Donald A. Smith is a writer, a peace activist working with CodePink, a Democratic Precinct Committee Officer, the editor of http://waliberals.org, and the creator of https://progressivememes.org. He lives in Bellevue, Washington and has a PhD in Computer Science.

4 thoughts on “How To Think About the War in Ukraine: a Response to Eric Levitz”

  1. This is a moronic discussion. It demonstrates how people obsessed with “moral responsibility” are incapable of comprehending the reality of human behavior.

    This idiot doesn’t remember that Russia had detailed intel on Ukraine’s military plans in February, 2022, not to mention earlier. Zelensky had just come back from the Munich meeting declaring that Ukraine had to acquire nuclear weapons. He went to the line of contact in Donbass.

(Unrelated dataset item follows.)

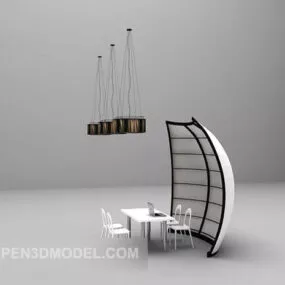 Table And Chair Hanging Lamp Combination 3d model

Shortly after the Ukrainian forces – half the Ukrainian army at the time was in Donbass – began massively increased shelling of the civilian areas of Donbass – a clear sign that a new Ukrainian offensive was going to kick off.

    At that time, the Donbass administration asked to join the Russian Federation, which Putin and the Duma granted. The parties then signed an assistance agreement. Putin then declared the SMO under the provisions of the NATO Charter Article 51.

    This means the war was INITIATED BY UKRAINE PURSUANT TO THE US AND NATO INTENTIONS. What the Russian SMO was a “preemptive” attack, not a “preventative” attack as was the US invasion of Iraq in 2003.

    But this whole explanation is irrelevant. In the REAL WORLD – which “peace activists” do not inhabit – nations will take whatever steps they believe they have to to insure their “national interests”. From Russia’s POV there was absolutely no doubt that the US and NATO intended to surround Russia, place strategic weapons on its borders, and eventually conduct a “preventative” war on Russia. So Russia, from its POV, quite correctly from a rational analysis decided to push back in a minimal way by removing the direct threat from Ukraine (and in the process removing Ukraine as a state, most likely.)

    If you don’t want wars – get rid of the state. It’s that simple. Unfortunately it is also impossible because human nature is a conflict-prone phenomena due to its hierarchical primate origins.

    So babbling about “who’s to blame” is juvenile and ignorant.

    1. If you don’t want wars – get rid of the state. It’s that simple.
      Unfortunately it is also impossible because human nature is a
      conflict-prone phenomena due to its hierarchical primate origins.

      Prior to the advent of agriculture, states did not exist.

      In more recent times, examples of stateless societies include: the Ibo tribesmen of Africa, Medieval Iceland, and Medieval Ireland.

      So, stateless societies are possible. Note that societies without a geographic based monopoly on the use of force still had hierarchies, they just didn’t have states.